Una bellissima sfida Natalia!!!
bacioniii
Ago

Mary said...

It looks wonderful! I'm so glad you managed to get it finished, and that everyone enjoyed it! Did you use white chocolate as well as dark? I like the two colours together!

Valerie said...

Natalia, What a stunning pièce montée! I think the chocolate makes it extra gorgeous because it's a nice contrast to the pastries. :)

elra said...

Oh good grace, you did it. It looks just gorgeous, and glad that you get creative of using chocolate as well. I know how good it tastes just by looking at the photo.

Yummita said...

Wow!

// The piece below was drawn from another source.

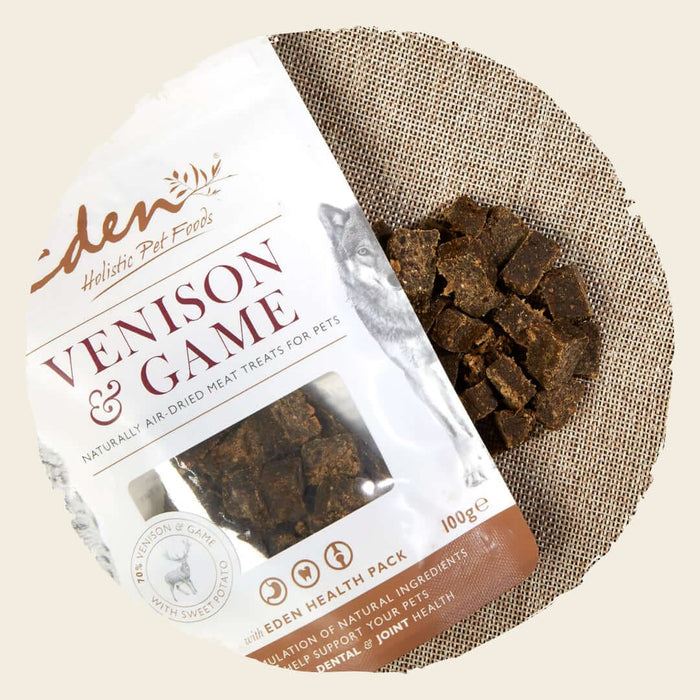  Eden Venison and Game Treat - Natural Dog & Cat Treats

It's just beautiful :) I've never seen cocoa profiterols before, very nice :)

Cheers

Yummita

Ivy said...

I love profiteroles and yours look so delicious. Your croquembouche are making me envious because it's been a long time I haven't made a dessert.

The Burmese Mom said...

Very pretty and I am sure it was just as yummy as it looks! Well done!

Rosa's Yummy Yums said...

A beautifl pièce montée! It looks so delicious. Well executed!

Cheers,

Rosa

Leslie said...

What a work of art, Natalia! I wish I was part of this group but half of the months I think you guys are insane and the other months I think you're 10 times better at baking than I am.

Julie said...

Amazing! Beautiful job.

Marcellina said...

What a gorgeous Croquembouche! That must have been some kid's party! Great work!

mangocheeks said...

Extremely impressive. this would be a fantastic centre piece.

Wolf said...

Wow, what a wonderful looking piece! Well done!

Simona said...

Che bello! Posso ben immaginare che non sia avanzata nemmeno una briciola.